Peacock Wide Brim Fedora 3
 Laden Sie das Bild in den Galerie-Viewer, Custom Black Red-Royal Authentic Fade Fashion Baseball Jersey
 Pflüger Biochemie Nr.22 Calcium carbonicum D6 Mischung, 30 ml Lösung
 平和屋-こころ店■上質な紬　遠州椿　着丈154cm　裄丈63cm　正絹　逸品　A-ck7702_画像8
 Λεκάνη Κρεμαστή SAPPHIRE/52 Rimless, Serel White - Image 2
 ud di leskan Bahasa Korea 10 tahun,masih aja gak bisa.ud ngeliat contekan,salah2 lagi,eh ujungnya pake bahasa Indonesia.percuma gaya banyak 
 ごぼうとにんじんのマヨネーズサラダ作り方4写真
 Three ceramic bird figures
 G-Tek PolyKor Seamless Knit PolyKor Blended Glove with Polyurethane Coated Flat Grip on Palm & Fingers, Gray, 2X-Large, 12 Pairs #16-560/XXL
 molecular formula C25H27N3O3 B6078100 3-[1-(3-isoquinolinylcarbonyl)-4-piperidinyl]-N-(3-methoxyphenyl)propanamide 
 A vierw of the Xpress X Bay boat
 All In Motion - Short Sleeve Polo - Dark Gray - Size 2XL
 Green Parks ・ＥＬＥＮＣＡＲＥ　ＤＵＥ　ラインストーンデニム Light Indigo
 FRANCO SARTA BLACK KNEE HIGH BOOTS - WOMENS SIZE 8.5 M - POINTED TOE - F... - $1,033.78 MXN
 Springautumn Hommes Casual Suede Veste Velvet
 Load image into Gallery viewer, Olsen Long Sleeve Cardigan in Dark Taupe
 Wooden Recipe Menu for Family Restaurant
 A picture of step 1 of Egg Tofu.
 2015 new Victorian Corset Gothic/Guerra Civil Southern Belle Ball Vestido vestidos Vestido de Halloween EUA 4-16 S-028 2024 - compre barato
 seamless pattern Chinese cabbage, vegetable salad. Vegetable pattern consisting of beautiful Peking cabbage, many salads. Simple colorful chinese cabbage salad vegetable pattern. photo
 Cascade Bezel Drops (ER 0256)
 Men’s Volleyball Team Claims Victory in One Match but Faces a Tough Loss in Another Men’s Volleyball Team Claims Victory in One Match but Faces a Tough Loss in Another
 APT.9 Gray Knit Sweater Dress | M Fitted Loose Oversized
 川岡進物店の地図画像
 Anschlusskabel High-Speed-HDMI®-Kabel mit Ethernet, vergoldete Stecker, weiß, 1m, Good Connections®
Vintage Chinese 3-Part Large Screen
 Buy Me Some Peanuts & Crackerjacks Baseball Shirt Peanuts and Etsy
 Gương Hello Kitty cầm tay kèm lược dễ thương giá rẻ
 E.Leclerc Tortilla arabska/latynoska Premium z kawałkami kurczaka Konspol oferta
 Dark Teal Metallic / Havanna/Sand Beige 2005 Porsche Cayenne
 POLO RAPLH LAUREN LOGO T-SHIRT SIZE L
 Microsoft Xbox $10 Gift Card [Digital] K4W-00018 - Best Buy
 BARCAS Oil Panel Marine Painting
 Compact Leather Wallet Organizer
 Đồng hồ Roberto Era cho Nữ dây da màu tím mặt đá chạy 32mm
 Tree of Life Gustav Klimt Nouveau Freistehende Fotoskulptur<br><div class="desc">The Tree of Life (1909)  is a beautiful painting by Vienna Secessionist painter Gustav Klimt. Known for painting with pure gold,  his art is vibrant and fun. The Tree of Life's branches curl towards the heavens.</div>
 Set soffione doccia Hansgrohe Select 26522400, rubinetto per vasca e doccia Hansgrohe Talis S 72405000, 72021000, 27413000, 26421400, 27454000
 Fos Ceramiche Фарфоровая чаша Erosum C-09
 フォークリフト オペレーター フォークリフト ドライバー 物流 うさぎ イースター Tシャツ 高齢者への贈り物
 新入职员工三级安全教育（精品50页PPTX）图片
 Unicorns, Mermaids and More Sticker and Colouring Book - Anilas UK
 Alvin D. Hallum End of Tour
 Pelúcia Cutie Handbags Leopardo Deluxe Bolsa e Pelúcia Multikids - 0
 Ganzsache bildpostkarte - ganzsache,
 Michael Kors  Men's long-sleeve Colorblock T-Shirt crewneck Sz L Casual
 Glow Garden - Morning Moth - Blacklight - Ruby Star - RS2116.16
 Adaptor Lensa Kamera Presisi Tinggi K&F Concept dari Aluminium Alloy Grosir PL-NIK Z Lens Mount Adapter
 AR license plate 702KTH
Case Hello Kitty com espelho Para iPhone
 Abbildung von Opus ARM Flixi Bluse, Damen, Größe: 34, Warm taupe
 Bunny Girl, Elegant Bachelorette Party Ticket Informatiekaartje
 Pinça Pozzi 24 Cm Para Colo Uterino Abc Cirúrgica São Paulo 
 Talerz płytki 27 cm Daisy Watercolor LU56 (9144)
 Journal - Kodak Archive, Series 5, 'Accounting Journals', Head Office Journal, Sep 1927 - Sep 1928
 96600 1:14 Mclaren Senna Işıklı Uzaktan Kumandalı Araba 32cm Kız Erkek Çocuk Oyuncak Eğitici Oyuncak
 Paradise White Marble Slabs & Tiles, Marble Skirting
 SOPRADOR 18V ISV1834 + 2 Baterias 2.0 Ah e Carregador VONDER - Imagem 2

◆ Your assignment:
Your answer should be all lines from the data that contain "Gray".

◆ Exercise answer:
 G-Tek PolyKor Seamless Knit PolyKor Blended Glove with Polyurethane Coated Flat Grip on Palm & Fingers, Gray, 2X-Large, 12 Pairs #16-560/XXL
 All In Motion - Short Sleeve Polo - Dark Gray - Size 2XL
 APT.9 Gray Knit Sweater Dress | M Fitted Loose Oversized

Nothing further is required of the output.